While there has been some easing in prices as more lambs come onto the market, prime lambs are currently trading around 10% higher than last year.
“This relative firmness in price is being reflected across Europe in the countries producing heavy lambs,” said Stuart Ashworth, Head of Economics Services with QMS.
“The French producer price is 13% higher than a year ago, the Spanish price is 14% higher and the Irish price one percent higher.
“In contrast, the price for light lambs, defined as carcases of less than 12.5 kg, is struggling to match last year’s levels in the two main lamb-producing regions. It is nine per cent lower in Greece and six per cent lower in Spain although light lambs are selling well in Italy and Croatia.”
The firmness in the UK heavy lamb price is, observed Mr Ashworth, occurring despite modest increases in the volume of new season lambs reaching UK abattoirs compared to this time last year. In England the weekly kill during June reported by Defra was 3% higher than 2016.
“The current price behaviour we are seeing suggests a degree of positivity from the demand side of the equation, perhaps coupled with reduced supplies from outside the UK,” said Mr Ashworth.
In Ireland the volume of new season lamb is also currently running higher than last year but they too have seen producer prices holding similar to 2016. Price movements in France, however, reflect a lower domestic supply.

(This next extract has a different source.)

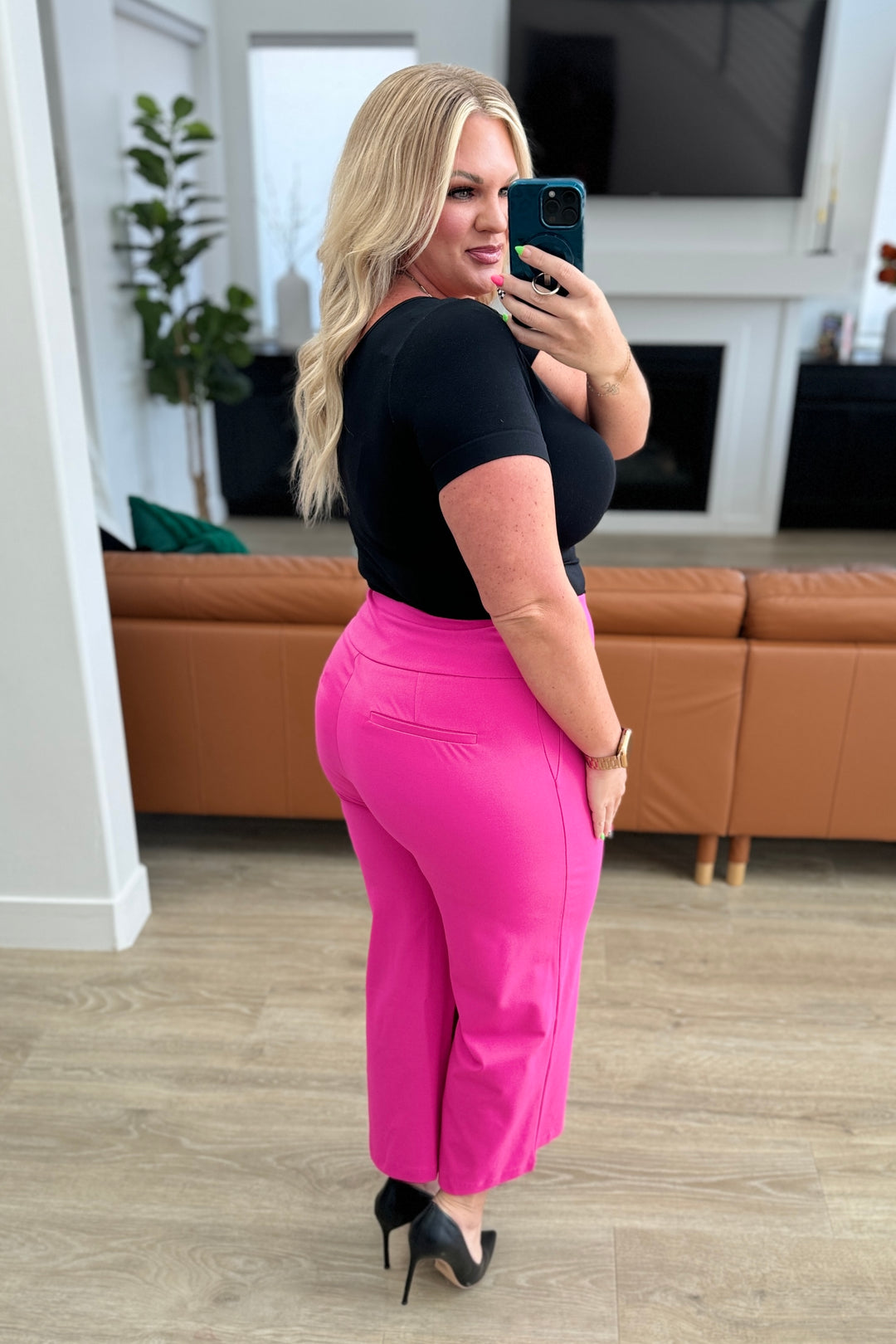 Magic Wide Leg Crop Pants in Hot Pink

French lamb slaughterings during May, for example, were two percent lower than last year and, with a ewe population reported in December 2016 to have fallen by 1.5%, reduced numbers remain likely.

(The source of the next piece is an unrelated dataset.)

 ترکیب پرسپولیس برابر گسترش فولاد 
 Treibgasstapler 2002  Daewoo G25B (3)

“Deliveries from New Zealand to the UK and Europe are also running lower than year-earlier levels,” said Mr Ashworth.
“Over the past six months New Zealand reports around 20% less sheepmeat dispatched to Great Britain. On the basis of a 20kg lamb carcase, this shortfall in volume could amount to the equivalent of around five per cent of the UK weekly production at this time of year.”
With New Zealand deliveries into the mainland European market also falling short of last year, there is potential export opportunity for UK abattoirs, he added.

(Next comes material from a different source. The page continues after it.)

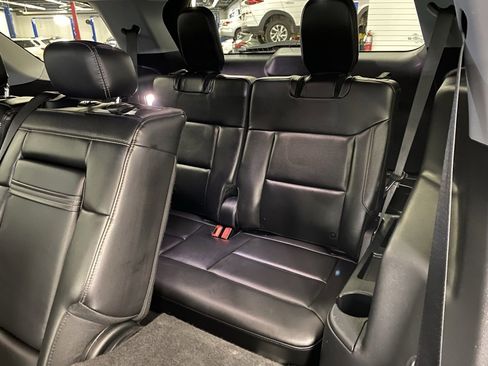 Used 2023 Ford Explorer XLT w/ Equipment Group 202A image 17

UK export statistics for 2017 up until the end of April show growth in export volumes to Europe compared with 2016, helped by exchange rates that make UK lamb competitive in European markets.
“The net effect of these trade patterns and opportunities is to boost competition in the market place and support price,” stated Mr Ashworth.
However, he said, one consequence of the current market situation is that the volume of lamb on the home market has declined but the level of self-sufficiency has increased. The decline in the total volume of lamb on the home market inevitably means that overall consumption has also declined and the retail price of some cuts has gone up.
“The volume of domestic lambs available on the market typically builds towards autumn with the UK weekly kill usually peaking in September or October when it is often 25% higher than the weekly kill in June,” added Mr Ashworth.
“This is the point where there is typically the greatest seasonal downward pressure on farmgate prices. However, the weakness of Sterling and low production in mainland Europe and New Zealand point to export opportunities which could, to some extent, mitigate the seasonal price fall this year.”